Tigranes ruled from B.C. 83 till B.C. 69, when he was attacked by the Romans, to whom he had given just cause of offence by his conduct in the Mithridatic struggle. Compelled by Lucullus to relinquish Syria, he retired to his own dominions, and was succeeded by the last Seleucid prince, Antiochus Asiaticus, who reigned from B.C. 69 to B.C. 65. Rome then stepped forward, and took the inheritance to which she had become entitled a century and a quarter earlier by the battle of Magnesia. Phoenicia thus passed quietly into the Roman Empire.

Phoenicia gained greatly by the strictness with which Rome kept the police of the Eastern Mediterranean. For many years previously to B.C. 67 their commerce had been preyed upon to an enormous extent by the piratical fleets, which from the creeks and harbours of Western Cilicia and Pamphylia, spread terror and made the navigation of the Levant and Ægean a dangerous business. Pompey, in that year, completely destroyed the piratical fleets, attacked the pirates in their lairs, and cleared them out from every spot where they had established themselves.
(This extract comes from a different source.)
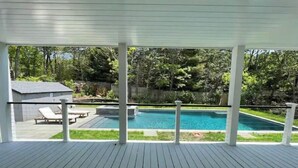 Una terrazza coperta con piscina, sedie a sdraio e un piccolo deposito.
Voyages by sea became once more as safe as travels by land; and a vigilant watch being kept on all the coasts and islands, piracy was never again permitted to gather strength, or become a serious evil. The Phœnician merchants could once more launch their trading vessels on the Mediterranean waters without fear of their suffering capture, and were able to insure their cargoes at a moderate premium. The cities of Tripoli, Sidon, and Tyre were given the position of “free cities” which secured them an independent municipal government, under their own freely elected council and chief magistates. These privileges, conferred by Pompey, were not withdrawn by Julius Cæsar, when he became master of the Roman world.